_YOUR OBJECTIVE_
The required output consists solely of the lines from the top of the listing through the line containing "EXO-TECH EVO CASCO", transcribed exactly.

BEGIN DATA FOR THIS TASK

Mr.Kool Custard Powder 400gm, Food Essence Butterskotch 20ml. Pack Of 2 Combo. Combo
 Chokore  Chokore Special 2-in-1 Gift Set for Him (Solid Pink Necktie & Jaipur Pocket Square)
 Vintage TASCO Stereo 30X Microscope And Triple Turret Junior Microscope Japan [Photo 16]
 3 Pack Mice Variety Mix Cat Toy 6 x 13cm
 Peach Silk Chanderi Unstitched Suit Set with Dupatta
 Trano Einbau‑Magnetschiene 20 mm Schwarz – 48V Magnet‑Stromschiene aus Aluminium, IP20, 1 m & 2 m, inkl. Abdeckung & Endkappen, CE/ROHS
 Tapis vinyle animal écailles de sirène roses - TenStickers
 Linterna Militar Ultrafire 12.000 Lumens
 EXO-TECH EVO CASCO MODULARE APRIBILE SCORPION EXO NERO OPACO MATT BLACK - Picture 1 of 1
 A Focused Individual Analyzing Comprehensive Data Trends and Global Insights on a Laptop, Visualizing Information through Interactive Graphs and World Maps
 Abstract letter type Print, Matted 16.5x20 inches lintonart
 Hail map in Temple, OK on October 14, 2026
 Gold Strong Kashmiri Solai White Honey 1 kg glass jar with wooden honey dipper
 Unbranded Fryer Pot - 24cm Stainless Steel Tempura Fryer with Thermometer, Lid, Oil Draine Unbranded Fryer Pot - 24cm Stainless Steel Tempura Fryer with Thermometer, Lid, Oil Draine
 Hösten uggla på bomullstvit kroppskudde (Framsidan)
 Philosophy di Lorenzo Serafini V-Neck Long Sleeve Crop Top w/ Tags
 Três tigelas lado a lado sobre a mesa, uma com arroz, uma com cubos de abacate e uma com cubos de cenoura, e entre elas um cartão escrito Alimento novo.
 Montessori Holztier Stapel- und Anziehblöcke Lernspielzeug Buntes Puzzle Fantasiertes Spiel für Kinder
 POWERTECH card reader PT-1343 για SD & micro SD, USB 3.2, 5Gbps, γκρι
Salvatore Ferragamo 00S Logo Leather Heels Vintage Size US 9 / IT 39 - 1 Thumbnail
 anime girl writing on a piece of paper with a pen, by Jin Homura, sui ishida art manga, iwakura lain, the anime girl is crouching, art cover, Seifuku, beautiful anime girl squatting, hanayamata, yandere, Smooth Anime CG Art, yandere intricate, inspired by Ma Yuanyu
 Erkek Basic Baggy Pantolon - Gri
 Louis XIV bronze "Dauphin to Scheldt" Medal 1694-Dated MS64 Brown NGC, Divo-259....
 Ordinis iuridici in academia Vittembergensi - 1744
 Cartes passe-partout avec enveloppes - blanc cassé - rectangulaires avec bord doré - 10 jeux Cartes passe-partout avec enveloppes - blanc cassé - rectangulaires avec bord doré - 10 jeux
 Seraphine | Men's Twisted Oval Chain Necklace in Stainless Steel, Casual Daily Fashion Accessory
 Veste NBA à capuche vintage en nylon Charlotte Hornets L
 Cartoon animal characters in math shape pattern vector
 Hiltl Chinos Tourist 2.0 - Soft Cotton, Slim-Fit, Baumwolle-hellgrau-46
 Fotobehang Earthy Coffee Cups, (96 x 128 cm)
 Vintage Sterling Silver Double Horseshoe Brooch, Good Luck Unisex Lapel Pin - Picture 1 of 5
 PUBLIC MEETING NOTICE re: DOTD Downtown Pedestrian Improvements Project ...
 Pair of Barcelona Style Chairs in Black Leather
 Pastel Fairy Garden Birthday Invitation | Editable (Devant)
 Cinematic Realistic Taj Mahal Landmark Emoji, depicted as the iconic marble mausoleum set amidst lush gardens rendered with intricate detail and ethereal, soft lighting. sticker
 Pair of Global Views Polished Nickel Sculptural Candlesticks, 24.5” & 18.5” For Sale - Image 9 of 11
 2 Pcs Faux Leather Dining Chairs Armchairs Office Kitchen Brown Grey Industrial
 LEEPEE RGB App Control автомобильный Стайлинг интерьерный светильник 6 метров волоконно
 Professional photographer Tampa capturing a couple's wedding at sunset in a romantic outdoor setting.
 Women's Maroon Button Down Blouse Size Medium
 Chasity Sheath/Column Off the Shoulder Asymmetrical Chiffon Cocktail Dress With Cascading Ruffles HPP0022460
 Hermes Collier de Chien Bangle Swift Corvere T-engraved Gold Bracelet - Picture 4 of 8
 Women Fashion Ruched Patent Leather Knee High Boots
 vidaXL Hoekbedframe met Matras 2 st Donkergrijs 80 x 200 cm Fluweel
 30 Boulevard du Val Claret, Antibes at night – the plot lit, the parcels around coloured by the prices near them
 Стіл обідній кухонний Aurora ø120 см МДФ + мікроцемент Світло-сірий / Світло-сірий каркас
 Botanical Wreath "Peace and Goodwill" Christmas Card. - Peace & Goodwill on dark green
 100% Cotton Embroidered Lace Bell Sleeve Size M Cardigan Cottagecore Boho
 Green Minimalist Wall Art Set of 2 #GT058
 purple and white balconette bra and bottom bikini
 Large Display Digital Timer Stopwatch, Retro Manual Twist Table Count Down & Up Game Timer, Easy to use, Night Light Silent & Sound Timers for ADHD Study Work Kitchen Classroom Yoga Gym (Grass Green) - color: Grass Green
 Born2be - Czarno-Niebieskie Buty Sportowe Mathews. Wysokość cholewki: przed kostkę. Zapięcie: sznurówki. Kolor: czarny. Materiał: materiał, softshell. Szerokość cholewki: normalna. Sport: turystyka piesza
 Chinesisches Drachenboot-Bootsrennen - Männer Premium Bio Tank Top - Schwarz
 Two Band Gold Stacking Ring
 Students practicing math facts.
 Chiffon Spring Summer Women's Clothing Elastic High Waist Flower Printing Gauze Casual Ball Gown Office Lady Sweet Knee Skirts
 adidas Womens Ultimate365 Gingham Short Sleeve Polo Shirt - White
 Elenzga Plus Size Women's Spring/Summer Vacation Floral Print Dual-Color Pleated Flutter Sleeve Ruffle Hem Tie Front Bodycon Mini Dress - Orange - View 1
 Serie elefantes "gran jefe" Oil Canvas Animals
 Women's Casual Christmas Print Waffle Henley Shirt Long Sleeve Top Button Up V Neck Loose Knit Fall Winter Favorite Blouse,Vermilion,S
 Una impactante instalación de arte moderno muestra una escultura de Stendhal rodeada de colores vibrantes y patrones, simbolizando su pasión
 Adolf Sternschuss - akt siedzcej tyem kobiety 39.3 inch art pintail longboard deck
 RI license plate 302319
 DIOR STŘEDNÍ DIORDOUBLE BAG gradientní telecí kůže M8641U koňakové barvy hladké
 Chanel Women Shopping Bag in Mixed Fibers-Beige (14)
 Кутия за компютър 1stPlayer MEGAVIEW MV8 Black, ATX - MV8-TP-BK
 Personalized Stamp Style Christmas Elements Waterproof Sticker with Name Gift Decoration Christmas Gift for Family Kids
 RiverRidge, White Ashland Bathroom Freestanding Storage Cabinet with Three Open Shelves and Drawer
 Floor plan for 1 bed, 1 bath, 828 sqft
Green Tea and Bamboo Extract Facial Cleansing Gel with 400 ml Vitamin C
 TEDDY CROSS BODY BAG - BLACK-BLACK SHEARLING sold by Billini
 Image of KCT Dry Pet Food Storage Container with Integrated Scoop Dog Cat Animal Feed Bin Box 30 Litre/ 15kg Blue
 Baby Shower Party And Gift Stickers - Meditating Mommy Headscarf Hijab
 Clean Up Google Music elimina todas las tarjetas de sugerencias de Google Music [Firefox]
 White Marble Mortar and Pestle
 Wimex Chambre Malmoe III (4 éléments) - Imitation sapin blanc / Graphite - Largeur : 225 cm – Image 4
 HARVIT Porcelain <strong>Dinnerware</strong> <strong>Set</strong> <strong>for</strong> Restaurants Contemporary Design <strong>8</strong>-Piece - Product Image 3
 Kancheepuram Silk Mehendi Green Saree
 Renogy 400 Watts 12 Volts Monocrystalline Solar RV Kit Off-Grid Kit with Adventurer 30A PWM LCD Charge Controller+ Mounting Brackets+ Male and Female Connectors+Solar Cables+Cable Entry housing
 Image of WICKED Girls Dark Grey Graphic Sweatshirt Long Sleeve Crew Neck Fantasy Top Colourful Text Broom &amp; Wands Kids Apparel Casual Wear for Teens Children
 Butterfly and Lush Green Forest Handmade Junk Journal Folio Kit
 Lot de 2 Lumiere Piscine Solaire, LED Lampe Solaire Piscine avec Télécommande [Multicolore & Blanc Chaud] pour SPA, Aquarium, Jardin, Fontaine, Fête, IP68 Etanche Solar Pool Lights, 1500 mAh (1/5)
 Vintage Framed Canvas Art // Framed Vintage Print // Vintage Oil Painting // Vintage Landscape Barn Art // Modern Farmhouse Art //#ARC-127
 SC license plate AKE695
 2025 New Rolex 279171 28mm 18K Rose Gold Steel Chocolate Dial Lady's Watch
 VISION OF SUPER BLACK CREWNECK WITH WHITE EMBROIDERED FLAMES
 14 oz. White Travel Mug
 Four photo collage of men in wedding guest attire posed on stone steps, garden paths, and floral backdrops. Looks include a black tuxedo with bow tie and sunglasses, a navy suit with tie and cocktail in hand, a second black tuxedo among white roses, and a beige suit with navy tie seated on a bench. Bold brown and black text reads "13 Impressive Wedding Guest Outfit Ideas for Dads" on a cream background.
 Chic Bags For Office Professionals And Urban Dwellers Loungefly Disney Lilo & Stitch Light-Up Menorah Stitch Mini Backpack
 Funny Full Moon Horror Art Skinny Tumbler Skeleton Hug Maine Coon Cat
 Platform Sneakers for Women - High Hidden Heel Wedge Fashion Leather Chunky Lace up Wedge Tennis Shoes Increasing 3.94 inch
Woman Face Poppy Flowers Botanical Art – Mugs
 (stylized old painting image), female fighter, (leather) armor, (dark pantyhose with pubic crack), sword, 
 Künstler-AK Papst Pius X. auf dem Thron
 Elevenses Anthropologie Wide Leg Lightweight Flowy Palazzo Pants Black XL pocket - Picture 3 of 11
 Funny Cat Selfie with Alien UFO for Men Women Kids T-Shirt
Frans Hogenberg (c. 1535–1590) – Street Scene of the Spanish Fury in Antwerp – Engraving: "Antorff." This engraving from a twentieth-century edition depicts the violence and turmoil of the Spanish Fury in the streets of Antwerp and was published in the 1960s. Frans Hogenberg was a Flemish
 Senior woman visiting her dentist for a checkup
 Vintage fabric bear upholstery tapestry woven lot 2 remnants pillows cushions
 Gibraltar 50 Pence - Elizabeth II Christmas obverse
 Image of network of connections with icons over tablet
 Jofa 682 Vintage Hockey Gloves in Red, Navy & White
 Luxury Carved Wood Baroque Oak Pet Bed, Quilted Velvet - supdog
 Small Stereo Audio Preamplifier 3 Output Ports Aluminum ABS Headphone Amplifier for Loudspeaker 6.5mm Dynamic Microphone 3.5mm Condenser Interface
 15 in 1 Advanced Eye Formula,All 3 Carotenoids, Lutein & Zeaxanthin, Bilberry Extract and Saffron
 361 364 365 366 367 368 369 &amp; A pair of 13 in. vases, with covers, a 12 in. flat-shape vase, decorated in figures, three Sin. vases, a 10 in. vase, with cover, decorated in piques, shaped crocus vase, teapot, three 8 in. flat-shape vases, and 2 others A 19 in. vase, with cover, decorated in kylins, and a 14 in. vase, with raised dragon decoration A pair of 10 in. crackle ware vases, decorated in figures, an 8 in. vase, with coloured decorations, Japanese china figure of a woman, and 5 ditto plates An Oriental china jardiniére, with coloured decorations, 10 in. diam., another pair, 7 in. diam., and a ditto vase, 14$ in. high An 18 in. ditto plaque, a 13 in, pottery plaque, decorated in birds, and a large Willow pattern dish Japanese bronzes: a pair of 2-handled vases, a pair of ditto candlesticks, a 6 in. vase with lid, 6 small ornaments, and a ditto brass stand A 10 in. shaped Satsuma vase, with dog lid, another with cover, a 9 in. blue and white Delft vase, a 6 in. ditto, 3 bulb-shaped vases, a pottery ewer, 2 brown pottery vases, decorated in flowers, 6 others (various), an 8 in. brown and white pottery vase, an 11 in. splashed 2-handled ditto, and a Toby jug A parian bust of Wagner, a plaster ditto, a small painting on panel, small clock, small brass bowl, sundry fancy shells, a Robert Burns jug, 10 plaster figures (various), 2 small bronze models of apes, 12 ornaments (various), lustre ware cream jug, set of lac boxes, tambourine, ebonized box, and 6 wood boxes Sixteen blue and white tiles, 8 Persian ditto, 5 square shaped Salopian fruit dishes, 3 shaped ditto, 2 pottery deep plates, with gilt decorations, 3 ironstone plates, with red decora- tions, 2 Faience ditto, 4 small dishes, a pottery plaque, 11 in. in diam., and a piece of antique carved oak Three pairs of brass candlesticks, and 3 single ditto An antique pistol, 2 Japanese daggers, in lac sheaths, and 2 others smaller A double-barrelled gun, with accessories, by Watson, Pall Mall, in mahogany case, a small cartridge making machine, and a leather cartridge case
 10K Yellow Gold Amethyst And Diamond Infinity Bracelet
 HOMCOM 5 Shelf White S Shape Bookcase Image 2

END DATA FOR THIS TASK

_OUTPUT FOR THIS EXERCISE_
Mr.Kool Custard Powder 400gm, Food Essence Butterskotch 20ml. Pack Of 2 Combo. Combo
 Chokore  Chokore Special 2-in-1 Gift Set for Him (Solid Pink Necktie & Jaipur Pocket Square)
 Vintage TASCO Stereo 30X Microscope And Triple Turret Junior Microscope Japan [Photo 16]
 3 Pack Mice Variety Mix Cat Toy 6 x 13cm
 Peach Silk Chanderi Unstitched Suit Set with Dupatta
 Trano Einbau‑Magnetschiene 20 mm Schwarz – 48V Magnet‑Stromschiene aus Aluminium, IP20, 1 m & 2 m, inkl. Abdeckung & Endkappen, CE/ROHS
 Tapis vinyle animal écailles de sirène roses - TenStickers
 Linterna Militar Ultrafire 12.000 Lumens
 EXO-TECH EVO CASCO MODULARE APRIBILE SCORPION EXO NERO OPACO MATT BLACK - Picture 1 of 1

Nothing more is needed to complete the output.